Aqueles que não apreciam o esporte ou o futebol são incapazes de entender o fanatismo. É um jogo com um bando de sujeitos correndo atrás de uma bola e cujo resultado não gera consequências tangíveis no mundo real. A composição atual do time é totalmente distinta daquela de 15 anos antes, mas não importa: o fanático segue torcendo como se fosse o mesmo time. O craque da outra agremiação é odiado, mas, ao ser contratado, vira ídolo. No fundo vibra-se exclusivamente por um uniforme, o símbolo perene.
Quando o time perde, o torcedor padece de violenta perda psíquica tal qual houvesse sofrido um desastre financeiro, amoroso ou familiar. E, quando é campeão, toma emprestada a glória de terceiros como se seu grito ou sua meia predileta explicassem a vitória.
Porém, o futebol não é só um jogo. É capaz até mesmo de suspender guerras, como na Costa do Marfim, de Drogba, e na Nigéria, devido ao Santos de Pelé.

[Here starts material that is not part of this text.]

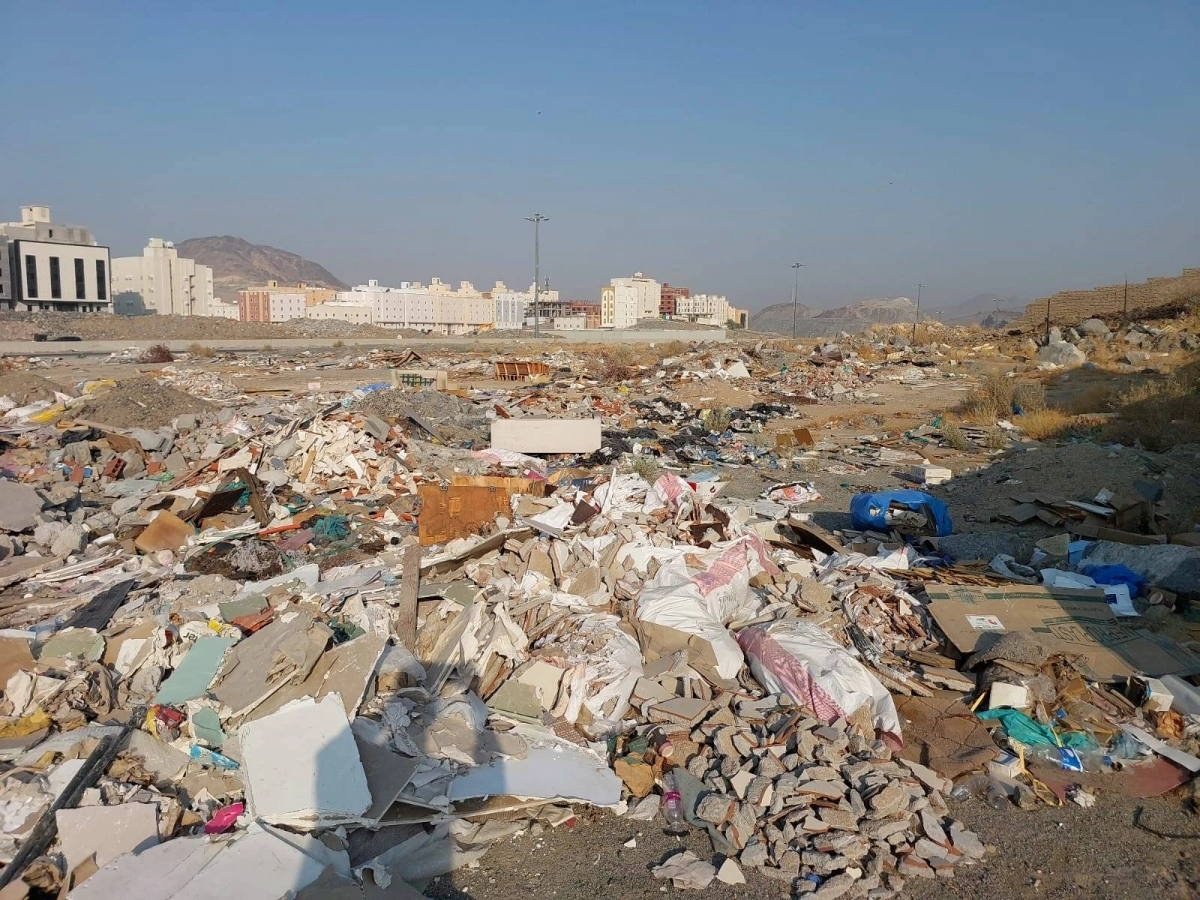 مخلفات تحاصر الحي (مكة)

O futebol imita a vida. No campo, vale o mérito. Aqueles que treinam mais têm mais sucesso. Não há espaço para enganação, pois o resultado é o que importa. É irrelevante a opinião sobre jogar bonito ou não. Os que vencem crescem.

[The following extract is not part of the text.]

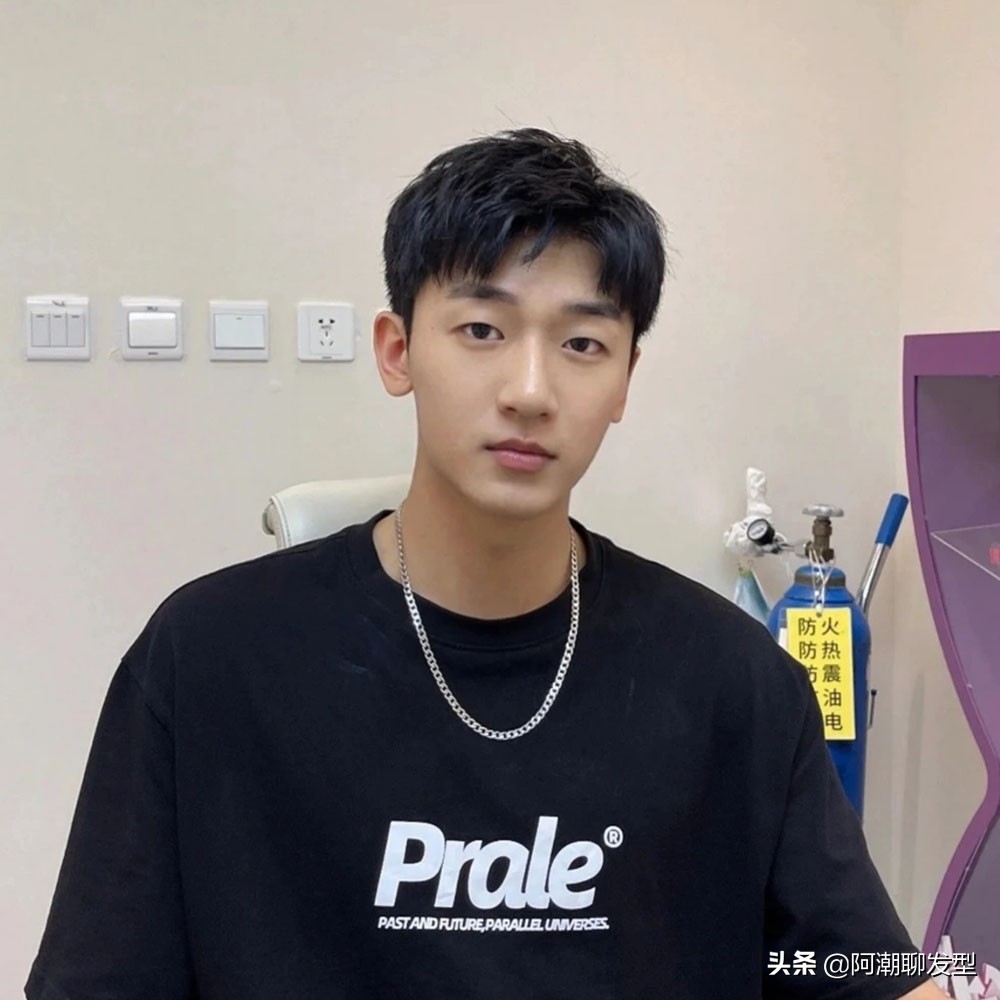 男生换发型别再迷茫了,试试这3款,清爽减龄,更显潮流帅气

Na sociedade é igual: o empreendedor que entrega o melhor resultado em qualidade e preço prospera. No mercado, vende o que o consumidor deseja, não importa se críticos considerem carente de beleza ou sofisticação. Jazz vende menos que funk, filme com final feliz vende mais que obra-prima. Gosto não se discute, nem paixões.

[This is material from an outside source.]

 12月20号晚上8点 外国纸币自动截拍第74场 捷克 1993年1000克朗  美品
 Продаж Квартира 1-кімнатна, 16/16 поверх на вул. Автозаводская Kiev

Assim como uma boa gestão de um governo enxuto permite o melhor desempenho da economia, uma boa gestão do clube potencializa o melhor em campo. A melhora da gestão do Flamengo é um exemplo. Em 2012, tinha R$ 800 milhões em dívidas para R$ 200 milhões de receita, com risco de sequestro de bens, em ambiente de esvaziamento do futebol carioca e crescente interesse da juventude por clubes internacionais. O potencial abstrato de contar com 40 milhões de adeptos espalhados pelo Brasil não era aproveitado.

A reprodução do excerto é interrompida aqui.